5.2 The Customer will ensure that it and its personnel, its platform and any other individuals who access and/or use the Railsbank Platform through the Customer do not use the Railsbank Platform in:
(A) an inappropriate way or for illegal means, including the transmission of illegal, defamatory, explicit or other inappropriate content, or to facilitate any of the foregoing; or
(B) a way which, in Railsbank’s reasonable opinion, threatens the stability, security or accessibility of the Railsbank Platform, or the reputation of the Railsbank Platform and/or Railsbank.
5.3 The Customer agrees to take all necessary steps to ensure that unauthorised access to the Railsbank Platform is prevented, that the Security Credentials are not disclosed to anyone that is not a Customer, and that it will not breach or attempt to circumvent any of the restrictions on use of the Railsbank Platform and/or any Direct Services.
5.4 The Customer shall ensure that at all times the security measures within the Customer’s control are such as to ensure the security and safekeeping of all information relating to the Railsbank Platform, and any Customer’s usage of and access to the Railsbank Platform.
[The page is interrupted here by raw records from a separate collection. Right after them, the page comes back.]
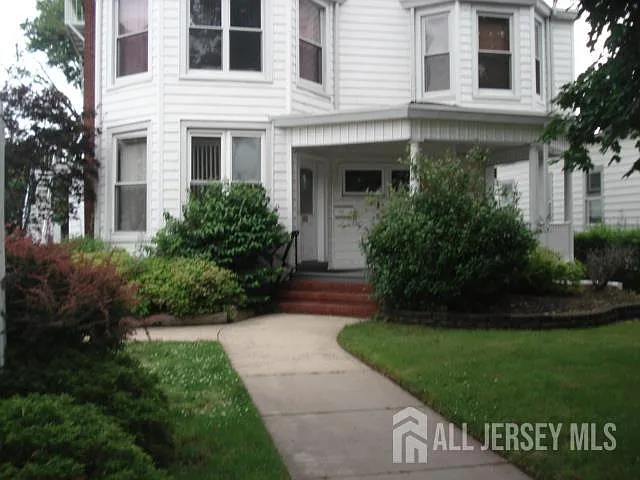 155 Livingston Ave — Photo 1
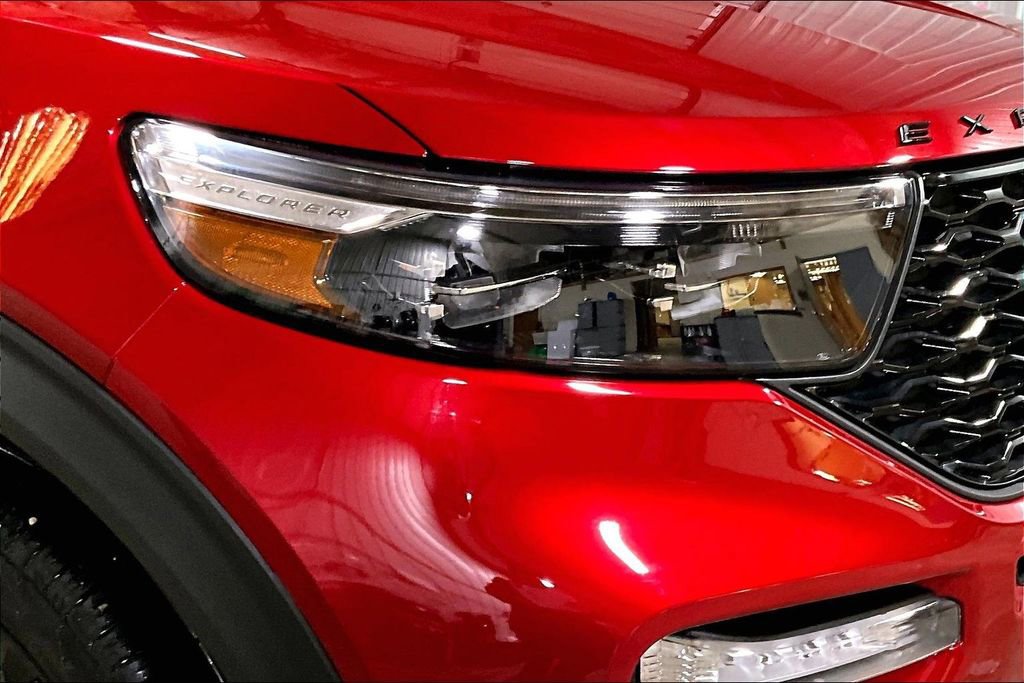 Certified 2024 Ford Explorer ST w/ Equipment Group 401A image 4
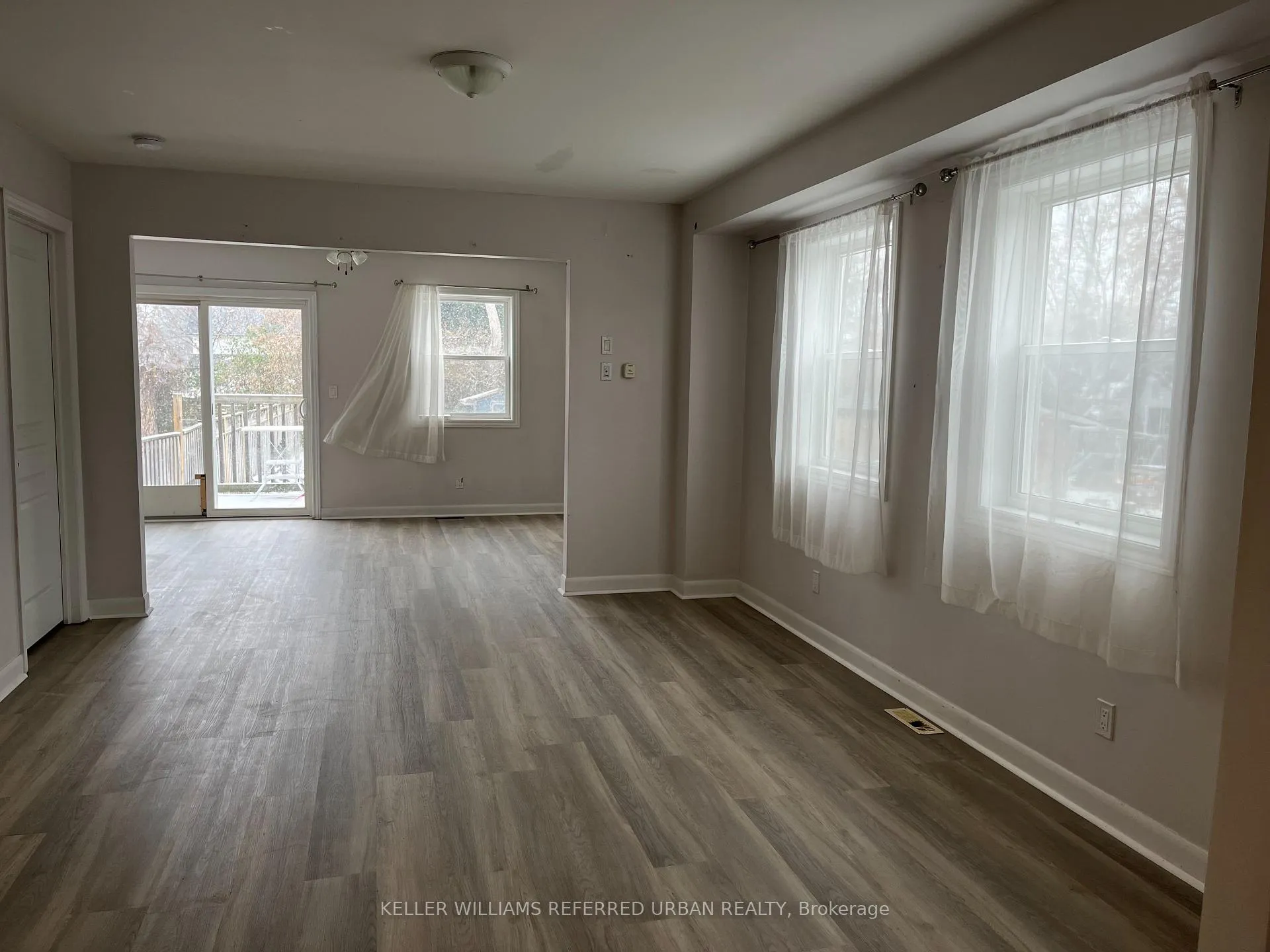 Photo 4 of 46 Sanford Street, Barrie, Sanford — HOMEH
The Customer shall inform Railsbank immediately by contacting Railsbank by email at firstname.lastname@example.org if the Security Credentials are compromised in any way, including for example if they are lost, stolen or used without authorisation from the Customer.
5.5 The Customer may only allow use of the Security Credentials by its personnel, officers, employees and/or agents to access the Railsbank Platform on behalf of the Customer. The Customer agrees that it shall be fully responsible for the acts and omissions of any of its personnel, officers, employees and/or agents that access the Railsbank Platform on behalf of, or purporting to be on behalf of, the Customer.
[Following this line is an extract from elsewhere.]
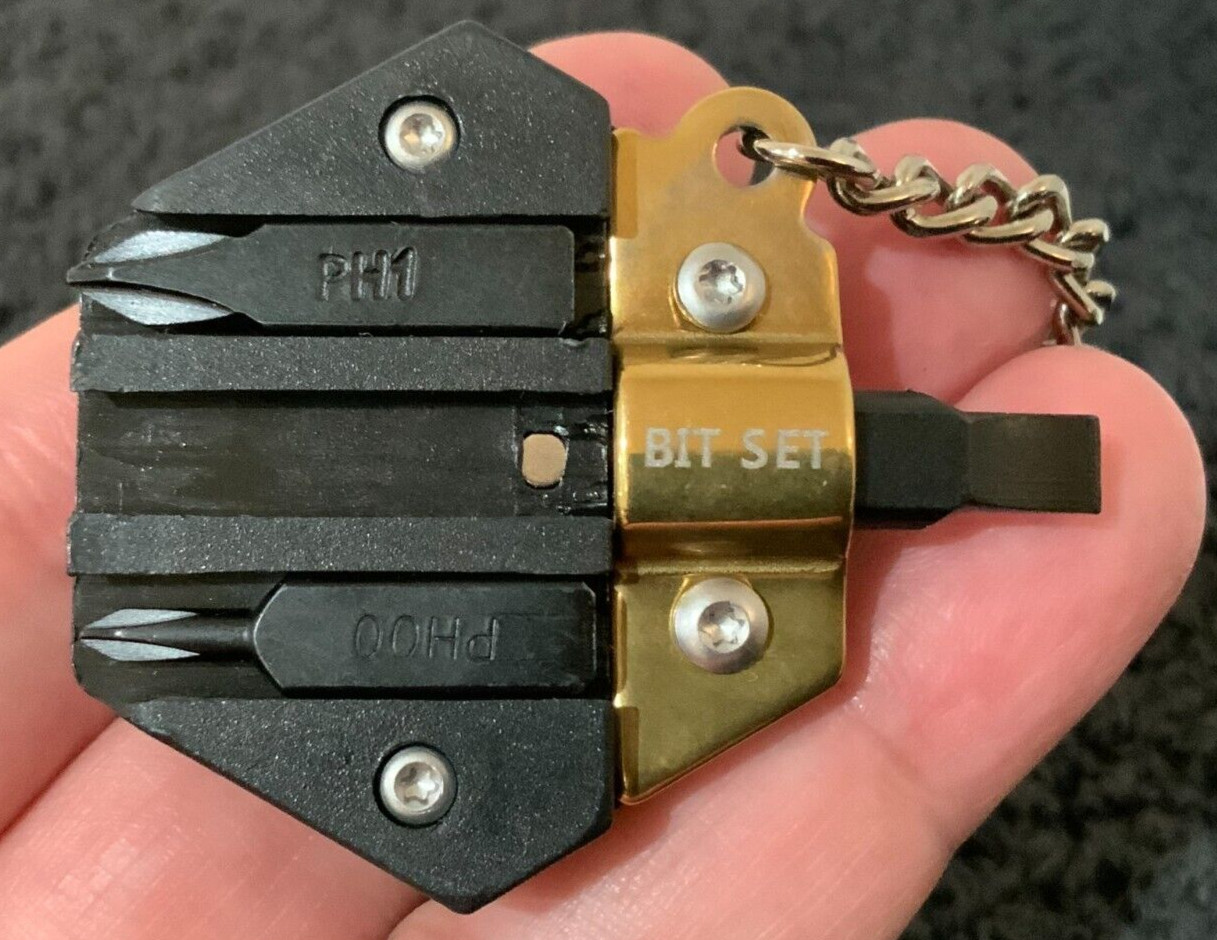 Gold HEX 2 Blade 3 Tools Keychain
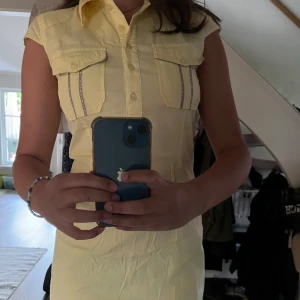 SÖT klänning - Hur söt klänning från Vila i storlek M 💛💛 perfekt skick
5.6 The Customer acknowledges and agrees that Railsbank will carry out ongoing updates to the Railsbank Platform, and that as the Railsbank Platform and the API is updated, the Customer will need to adapt and update its own systems to continue to be able to use the Railsbank Platform. Railsbank agrees that it will support the current major release of the Railsbank Platform and API, and up to two major releases back from the then-current major release (N-2), but does not commit to support any releases older than N-2. The Customer agrees that it must be current to at least N-2 on the Railsbank Platform and API in order to ensure that it can access and use the Railsbank Platform.
5.7 The Customer undertakes not to adapt, modify, copy, reproduce, reverse engineer, publish, redistribute, sell, sub-license, exploit, or otherwise part with or make any other use of the Railsbank Platform, the intellectual property in the Railsbank Platform, any data on the Railsbank Platform, or the concept of the Railsbank Platform more generally except for internal business purposes or to the extent required by law, nor to authorise, enable or assist any third party in doing so.
6. Compliance with Law
6.1 Each party shall, at all times, comply with all applicable laws and regulation in relation to its performance of its obligations under this Agreement.
7. Compliance Firewall
7.1 The Railsbank Platform includes functionality designed to allow Customers to automate elements of its own compliance processes by way of a software solution known as the “Compliance Firewall”.
7.2 The Customer agrees that Railsbank’s obligations in respect of the Compliance Firewall are to ensure that the Compliance Firewall provides a certain level of technical functionality to the Customer, but that it is the Customer’s obligation to ensure that the Compliance Firewall is configured to meet the Customer’s own compliance policies and procedures, fit for purpose and will allow the Customer to meet its legal and compliance obligations.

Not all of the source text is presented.